S.E. Cupp: Democrats, Republicans and the death of common sense — we're stuck with Biden and Trump
Common sense. We all know what it means, but common as it is, definitions and ideas of it have changed over centuries.
Aristotle connected common sense directly to the senses, and the ways in which we use different tastes, colors, feelings, smells and sounds to collectively perceive and categorize things.
I’m partial to Italian philosopher Giambattista Vico’s definition of common sense: “Judgment without reflection, shared by an entire class, an entire people, an entire nation, or the entire human race.”
But if any of these philosophers were dropped into 2024 America, in the midst of one of the craziest, messiest, most bizarre political elections in our history, they’d be hard-pressed to find common sense in evidence anywhere.
Let’s start with the obvious.
The nation watched as a frail, somewhat confused, steeply declining 81-year-old man failed to put coherent sentences together, keep his thoughts on track and effectively debate an opponent who, at 78, seemed robust and sprightly by comparison.

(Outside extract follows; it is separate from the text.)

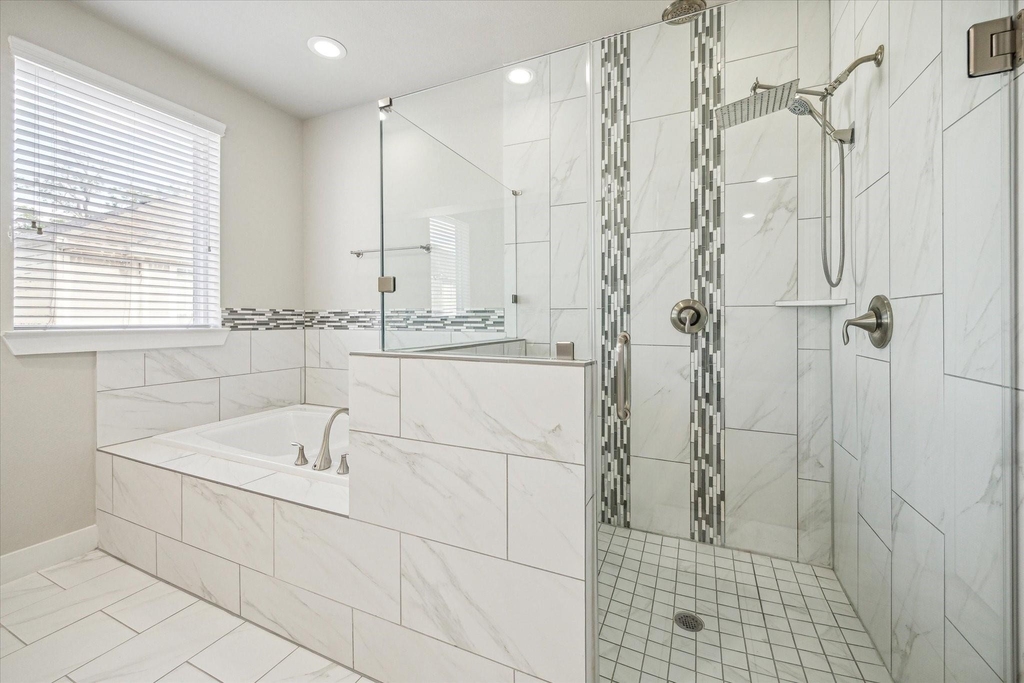256 W 28th Street - Photo 13
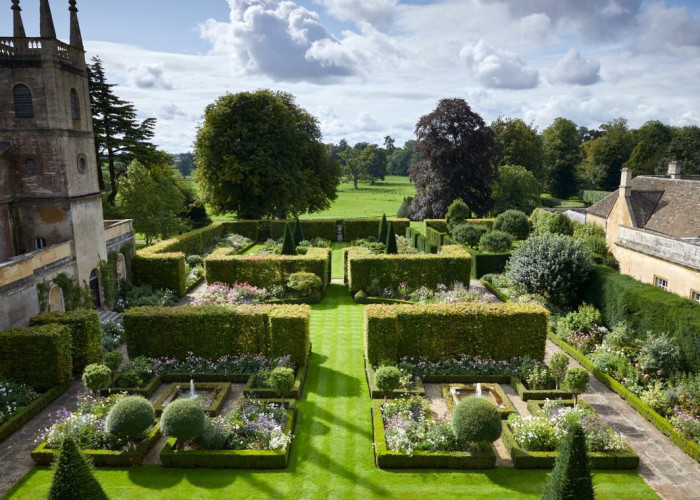 11. Formal Gardens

Since then, common sense is telling most Americans — the ones who aren’t hardened partisans — that Joe Biden is simply too old to be president again. The presidency is a hard job, especially in these trying times of global strife and domestic fragility, and someone who will be 82 at the time of his inauguration probably isn’t best situated to do four more years of it.
Common sense also says that Biden isn’t just too old, but missing a step. Americans can see, with their own eyes, his gaffes, his stiffness, his seeming bewilderment.

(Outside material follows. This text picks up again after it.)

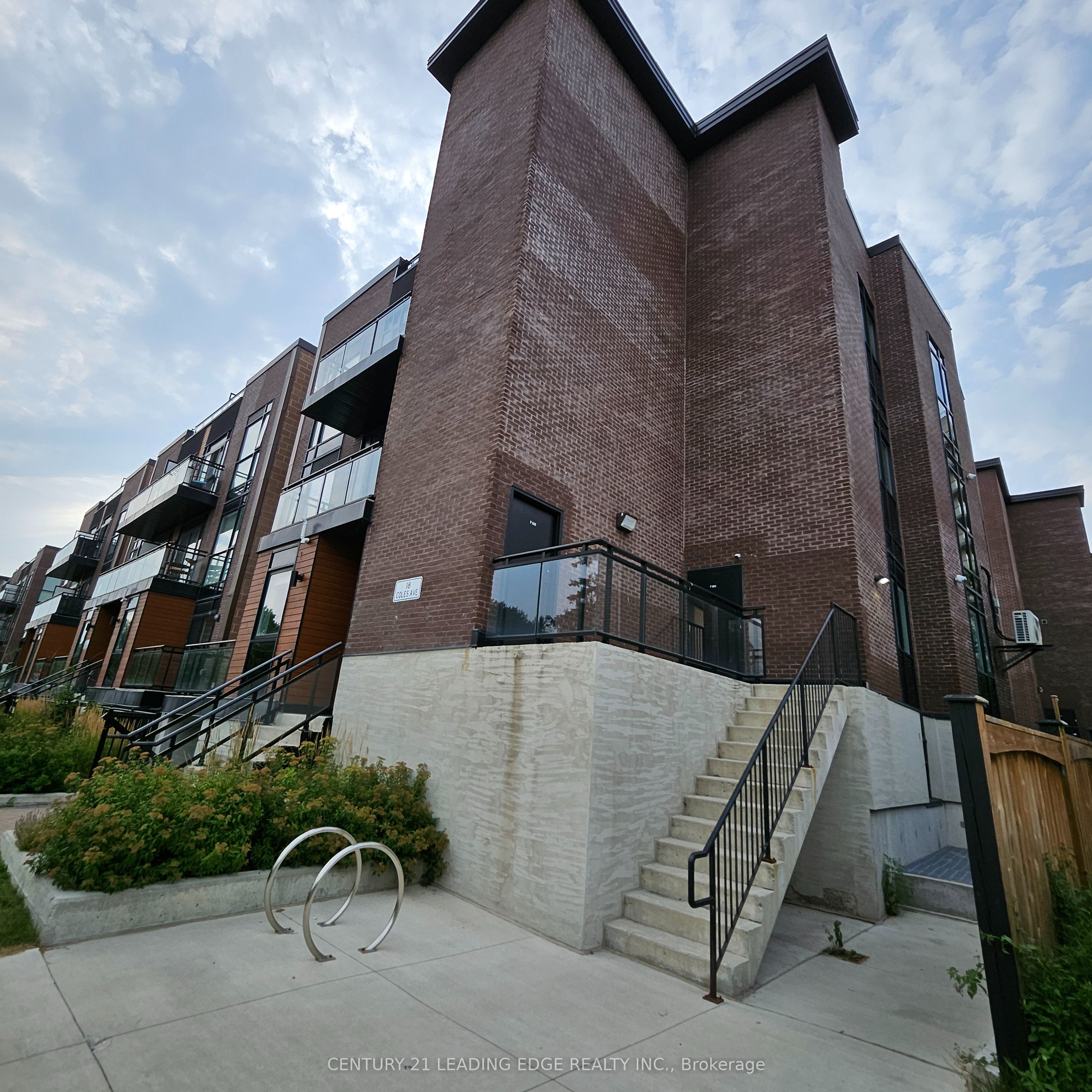 18 Coles Avenue 603, Vaughan, ON L4L 1L9 photo 3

And common sense is telling many Americans, especially those who’d like Biden to defeat former President Donald Trump, that Biden can no longer do that. Why? They can see the polls, almost all of which show Trump widening his lead against Biden.

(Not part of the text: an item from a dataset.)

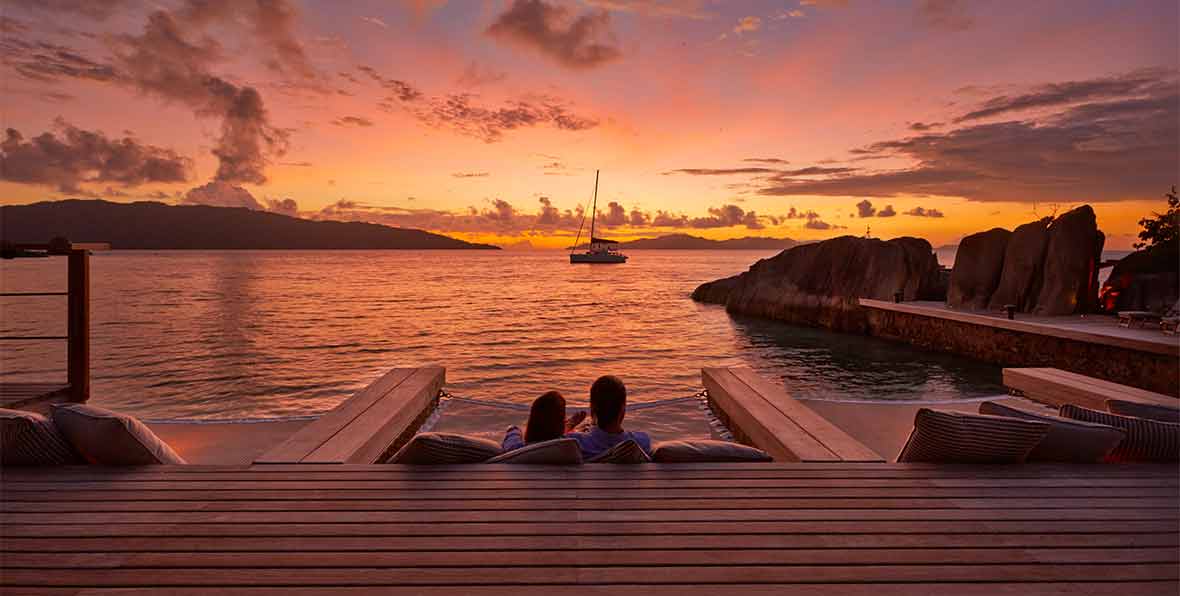 pareja mirando el atardecer en Six Senses Zil Pasyon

And yet, the president and his surrogates are telling Americans that Biden is just fine. “He is as sharp as ever,” his press secretary told the media, with a straight face.
He just had a bad cold, they said.
He was jet-lagged, they said.
He had over-prepared, they said.
But none of these excuses make any sense to most Americans. Because most Americans have common sense.
Over on the right, things are hardly any better. In fact, they may be worse.
Republicans are on the verge of nominating a man for president who lost the White House, the House and the Senate, incited an insurrection, got impeached twice, and is a rapist and convicted felon.
Common sense is telling most Americans — the ones who aren’t locked in the cult of MAGA — that Donald Trump is wholly unfit for the job. He’s also too old, also missing a step, routinely fumbles his words, can’t answer basic questions, and has said and done things that make him morally and physically questionable.
Common sense says that Republicans should have selected someone who could lead the party into the future.
But Trump and his surrogates have told us with a straight face for nearly 10 years that everything common sense tells us is a weakness is actually Trump’s strength. They’ve told us not to believe anything we hear or see. They’ve told us Trump’s lies are “alternative facts,” his peccadillos are his political prowess, his moral failings, his evidence of masculinity.
The gaslighting from both sides is truly impressive, but too many of us have turned off our common sense in order to adhere to each party’s obscene and insane purity tests.
But plenty of Americans — not coincidentally those who are disillusioned with our two parties — have not turned off their common sense. They see through the lies and gaslighting, and importantly, they will decide this election. And that should scare both candidates.
S.E. Cupp is the host of "S.E. Cupp Unfiltered" on CNN.